Le Président nigérian, Muhammadu Buhari, a suspendu, le vendredi 4 juin, la plateforme sociale Twitter, pour une durée indéfinie. La décision, justifiée selon la Présidence par « des activités du réseau social pouvant saper l’existence de l’entreprise nigériane », a été prise après que Twitter a retiré un post du chef de l’État nigérian menaçant les séparatistes, dans le Sud-Est du pays.

Le réseau social américain Twitter a retiré un post du Président nigérian Muhammadu Buhari, mercredi, un jour plutôt et menaçant les séparatistes, dans le Sud-Est du pays. Vendredi 4 juin, le chef de l’État nigérian a suspendu la plateforme pour une durée indéfinie. « Beaucoup de ceux qui se conduisent mal aujourd’hui sont trop jeunes pour être conscients des destructions et des pertes en vies humaines survenues pendant la guerre civile nigériane. Publicité…Ceux d’entre nous… qui ont traversé la guerre, les traiteront dans le langage qu’ils comprennent », avait-il tweeté.

Le tweet, qui faisait référence à la guerre du Biafra (1967-1970), a été jugé non conforme aux règles de Twitter qui bannit toute incitation à la haine, appel à la violence, menaces… Le ministre nigérian de l’information, Lai Mohammed, reproche au réseau de Jack Dorsey de faire une politique de deux poids deux mesures sur la question sensible du Sud-Est opposant l’Etat et le mouvement Indigenous People of Biafra (IPOB). Le gouvernement fédéral nigérian accuse les séparatistes de mener des attaques contre les édifices publics, avec des incendies criminels contre des bureaux électoraux et des postes de police.

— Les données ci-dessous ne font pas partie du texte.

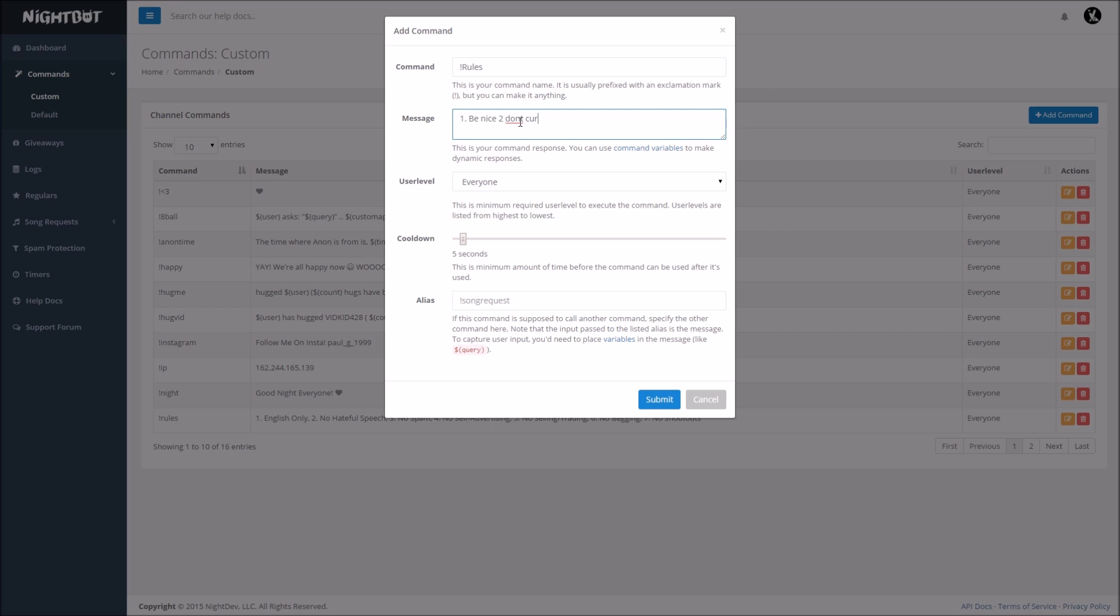Two, don't curse, and then you're going to want to have like, three, have fun, something like that, right.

La décision s’affichait samedi en lettres capitales à la « Une » de la presse nigériane après la décision du gouvernement d’interdire Twitter, jusqu’à nouvel ordre. Une sanction prononcée par le Président nigérian, Muhammadu Buhari, après que le réseau social américain a osé supprimer l’un de ces tweets où il faisait référence à la guerre civile est loin de faire l’unanimité dans son pays. « Il faut quand même rappeler que le Président n’a pas été banni de Twitter, un seul tweet du Président a été retiré. La réaction de ce gouvernement est tout simplement inappropriée et trop stricte. Elle envoie de très mauvais signaux et va à l’encontre des intérêts du Nigeria », a indiqué Franck Tietie, avocat spécialiste des droits de l’Homme.

Après la décision du gouvernement fédéral nigérian, Amnesty International a condamné cette mesure, appelant le Nigeria à « annuler immédiatement cette suspension illégale ». Tout récemment, certains pays comme la Chine et la Turquie avaient été critiqués pour avoir imposé des restrictions similaires aux plateformes de réseaux sociaux telles que Twitter.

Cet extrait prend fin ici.